_Dataset excerpts_

....

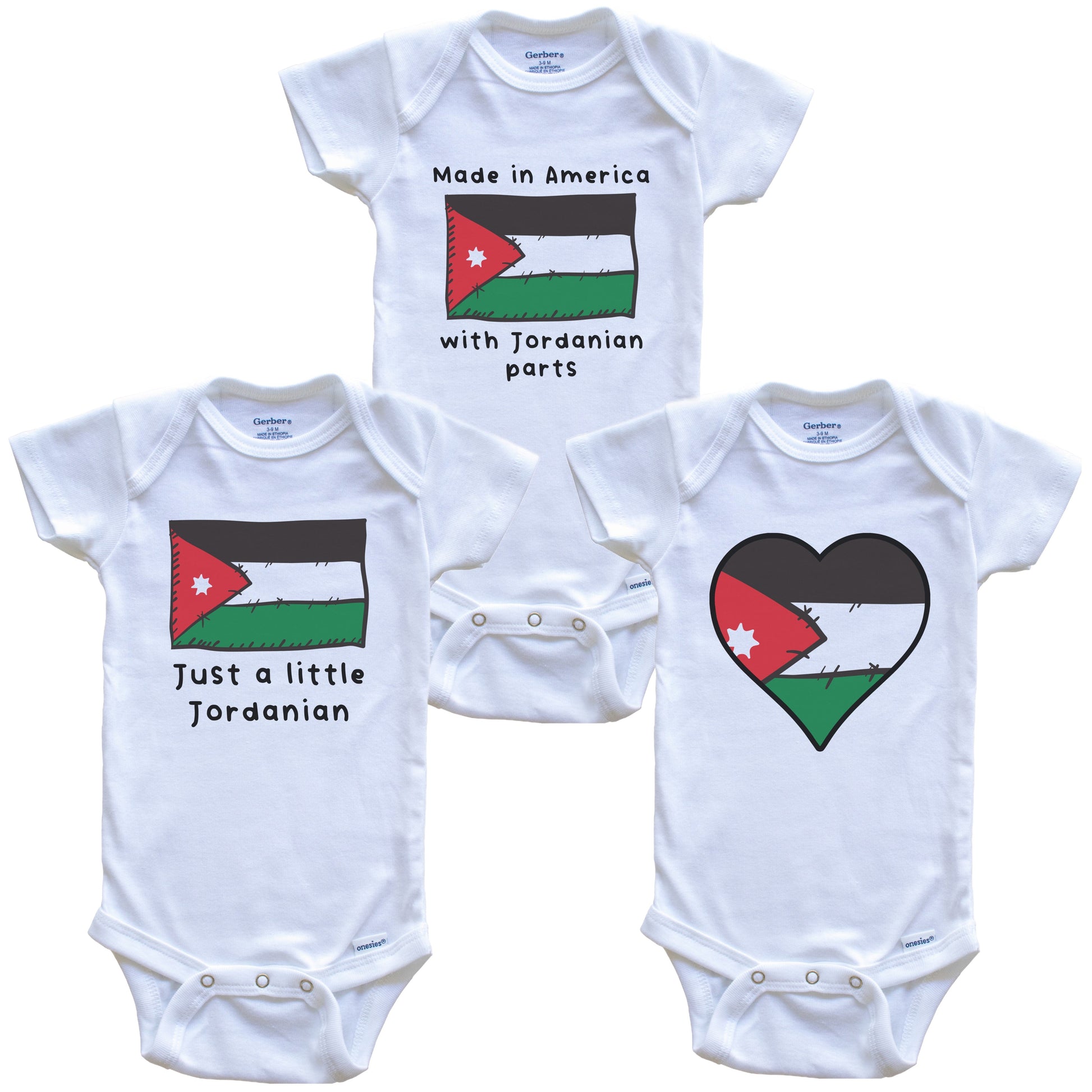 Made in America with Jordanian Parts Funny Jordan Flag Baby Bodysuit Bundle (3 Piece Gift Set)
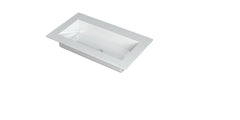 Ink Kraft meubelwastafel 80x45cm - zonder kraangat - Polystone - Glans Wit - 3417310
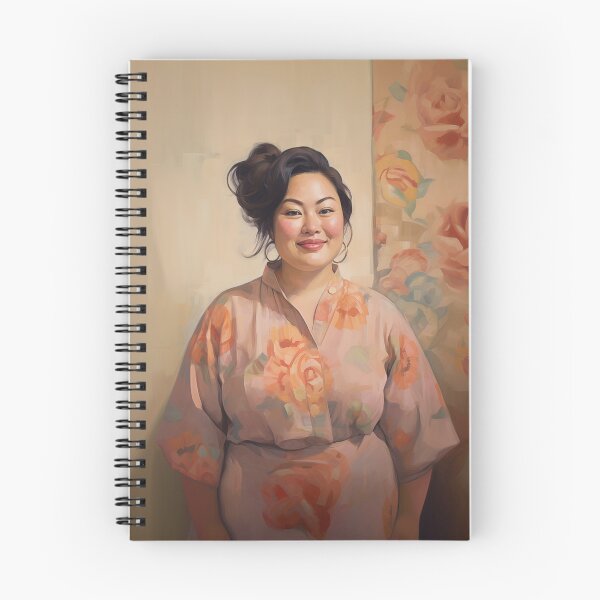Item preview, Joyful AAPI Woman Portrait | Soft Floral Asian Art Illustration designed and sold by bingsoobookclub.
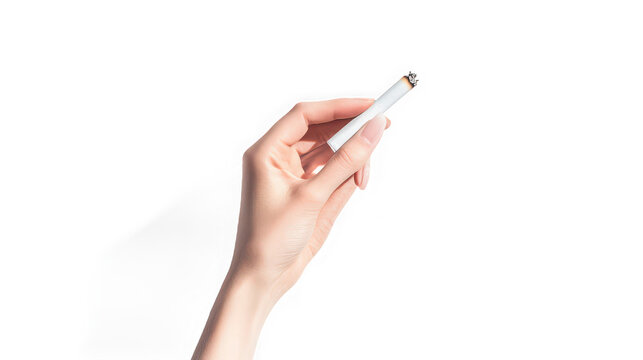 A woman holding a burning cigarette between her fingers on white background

....

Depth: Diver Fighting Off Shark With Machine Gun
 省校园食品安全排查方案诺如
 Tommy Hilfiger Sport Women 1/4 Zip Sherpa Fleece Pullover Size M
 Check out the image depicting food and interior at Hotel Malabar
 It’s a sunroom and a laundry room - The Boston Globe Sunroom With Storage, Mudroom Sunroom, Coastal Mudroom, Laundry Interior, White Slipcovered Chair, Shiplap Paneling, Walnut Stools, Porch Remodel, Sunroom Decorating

....

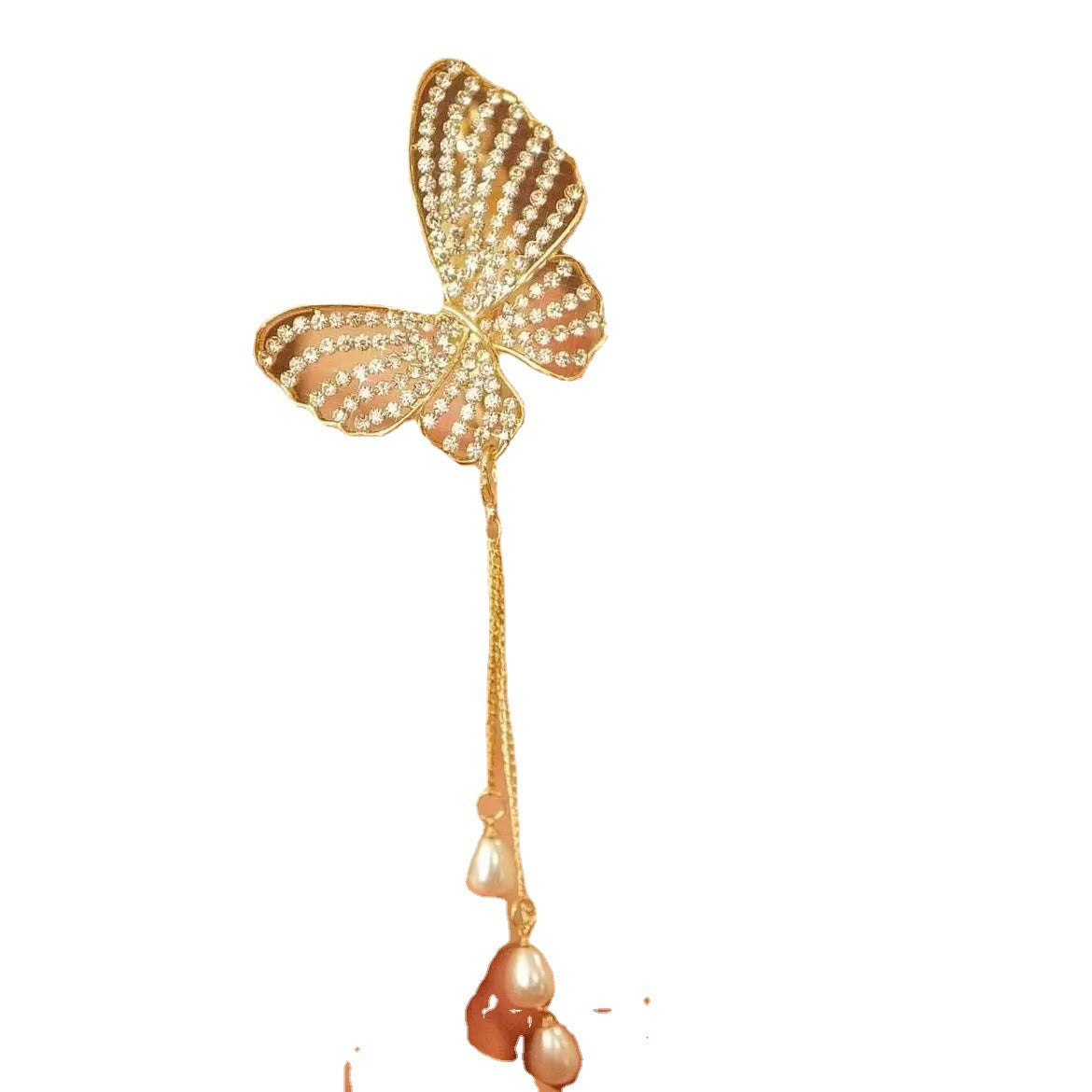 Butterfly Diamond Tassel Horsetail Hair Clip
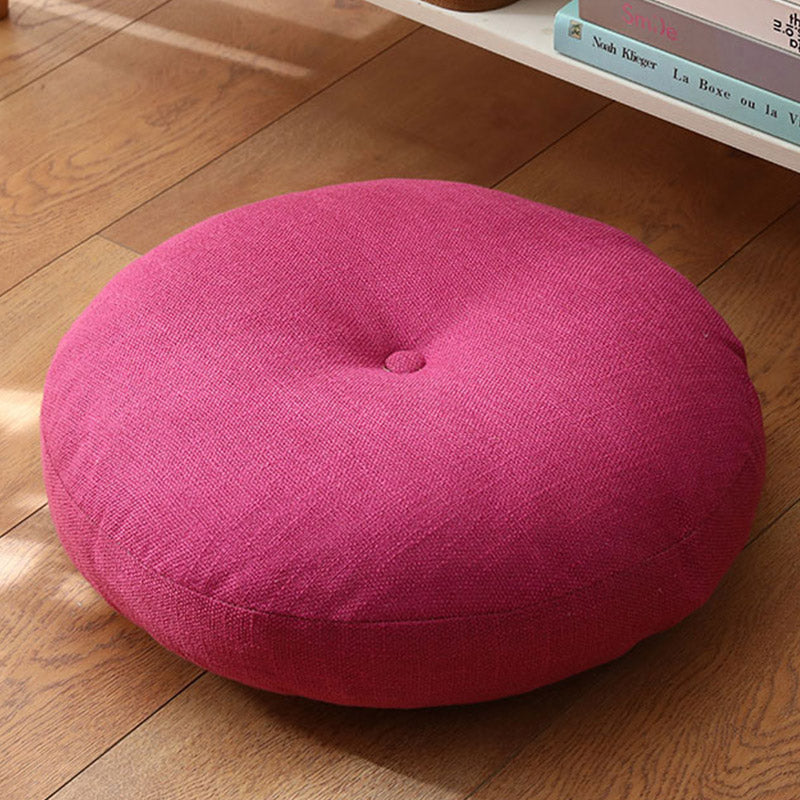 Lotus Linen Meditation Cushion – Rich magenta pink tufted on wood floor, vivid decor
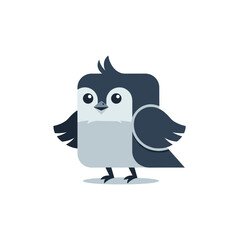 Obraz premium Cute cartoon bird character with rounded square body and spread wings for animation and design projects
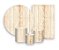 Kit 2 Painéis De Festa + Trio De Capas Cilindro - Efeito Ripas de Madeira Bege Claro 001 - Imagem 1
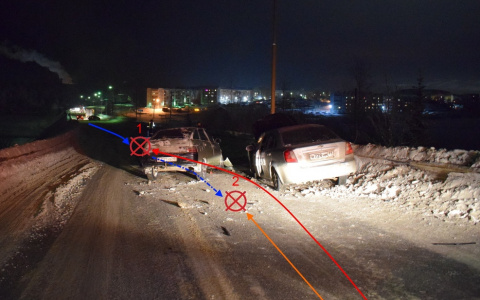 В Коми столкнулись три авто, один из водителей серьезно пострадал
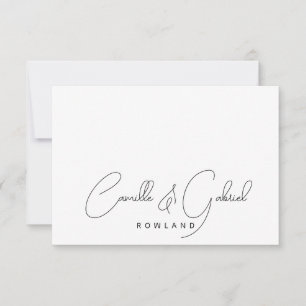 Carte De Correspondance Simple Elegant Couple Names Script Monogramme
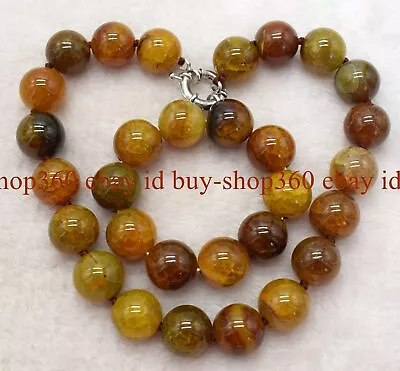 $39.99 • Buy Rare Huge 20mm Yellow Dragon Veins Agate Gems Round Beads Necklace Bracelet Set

....

_Exercise prompt_
Keep to the lines above from the line with "Made in America" to the line with "A woman holding", and set down exactly those, inclusive, with nothing else and every picture left out.

_Answer section_
 Made in America with Jordanian Parts Funny Jordan Flag Baby Bodysuit Bundle (3 Piece Gift Set)
 Ink Kraft meubelwastafel 80x45cm - zonder kraangat - Polystone - Glans Wit - 3417310
Item preview, Joyful AAPI Woman Portrait | Soft Floral Asian Art Illustration designed and sold by bingsoobookclub.
 A woman holding a burning cigarette between her fingers on white background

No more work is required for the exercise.